### Crawled caption data
--

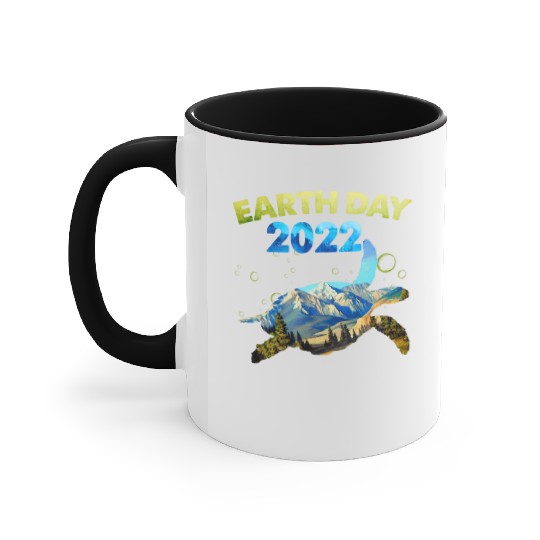 Sea Turtle Earth Day Everyday 2022 Planet World Accent Mugs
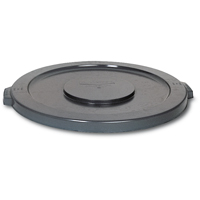 Round Brute&reg; Tops, Flat Lid, Plastic/Polyethylene, Fits Container Size: 15-5/8" Dia. Helyx Safety & Industrial Supplies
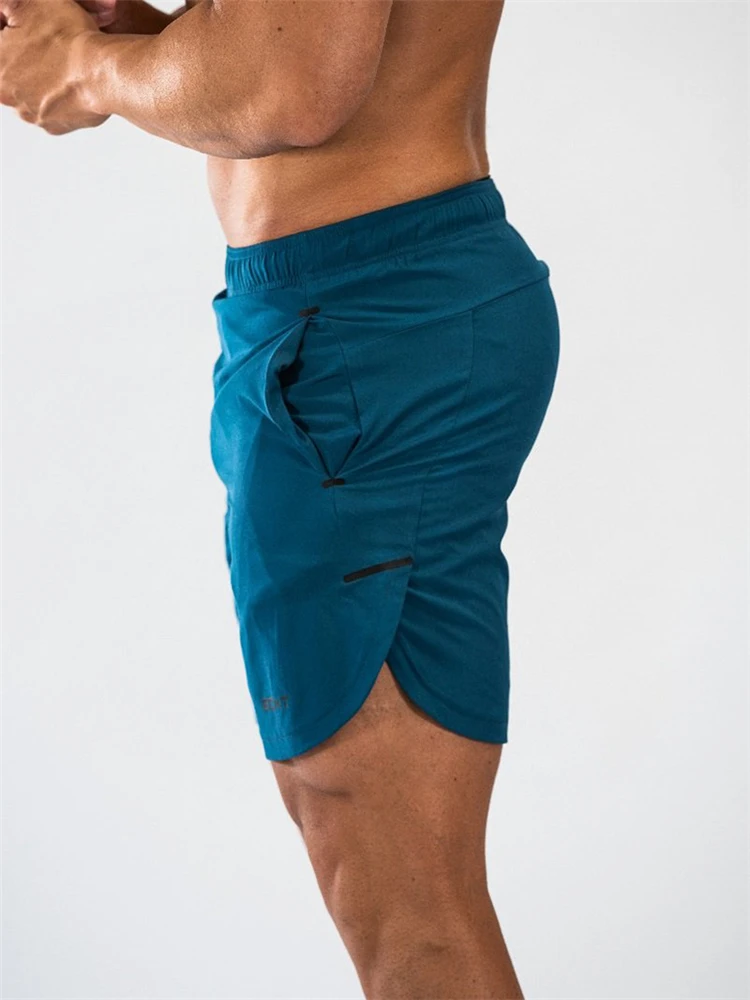 YEMEKE Мужские дышащие шорты для фитнеса бодибилдинга модные повседневные спортивные мужские бегуны для тренировок брендовые пляжные тонкие короткие штаны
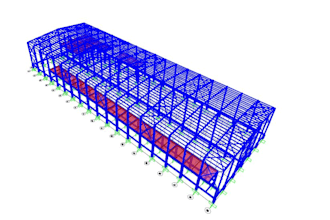 do the design of steel building with foundation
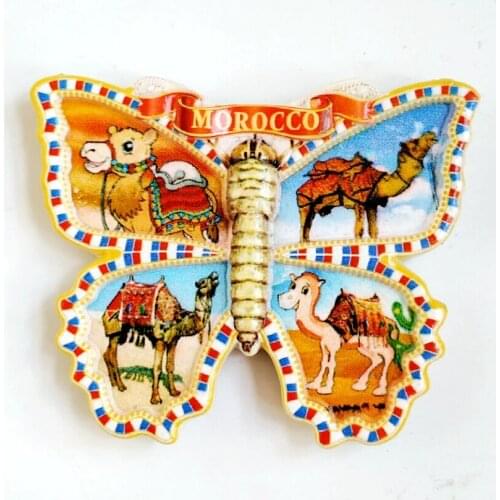 New Handmade Painted Morocco Camel 3D Fridge Magnets Tourism Souvenirs Refrigerator Magnetic Stickers Gift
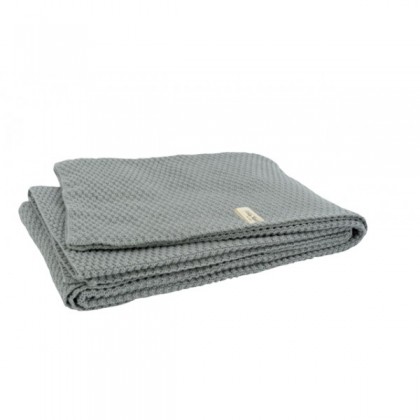 Вязаный плед Jollein 75х100 см , цвет серый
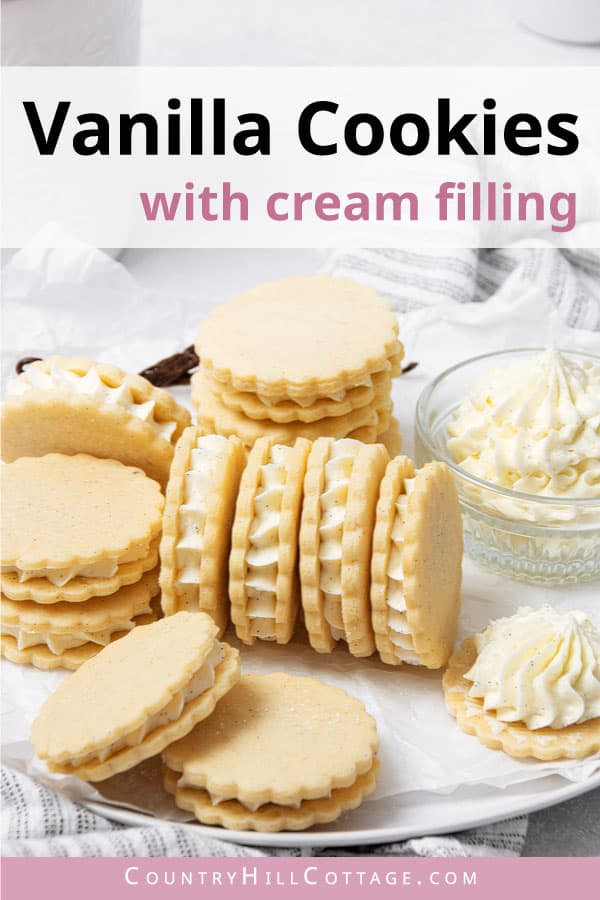vanilla creme sandwich cookies
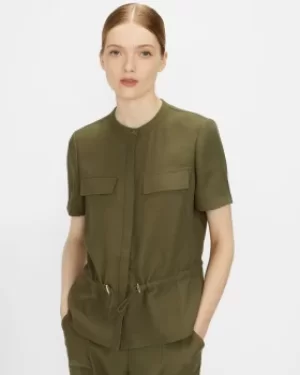 Image of Ted Baker Draw-cord Waist Utility Shirt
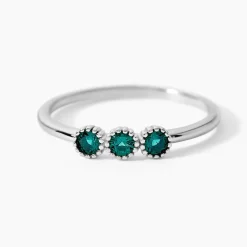 Bague Kasey Argent Blanc Oxyde De Zirconium|Marc Orian New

--

### What is needed
Copy out, without any pictures, the lines of the records above from the one containing "YEMEKE Мужские дышащие" through the final line, both ends included.

### Your solution
 YEMEKE Мужские дышащие шорты для фитнеса бодибилдинга модные повседневные спортивные мужские бегуны для тренировок брендовые пляжные тонкие короткие штаны
 do the design of steel building with foundation
 New Handmade Painted Morocco Camel 3D Fridge Magnets Tourism Souvenirs Refrigerator Magnetic Stickers Gift
 Вязаный плед Jollein 75х100 см , цвет серый
vanilla creme sandwich cookies
 Image of Ted Baker Draw-cord Waist Utility Shirt
 Bague Kasey Argent Blanc Oxyde De Zirconium|Marc Orian New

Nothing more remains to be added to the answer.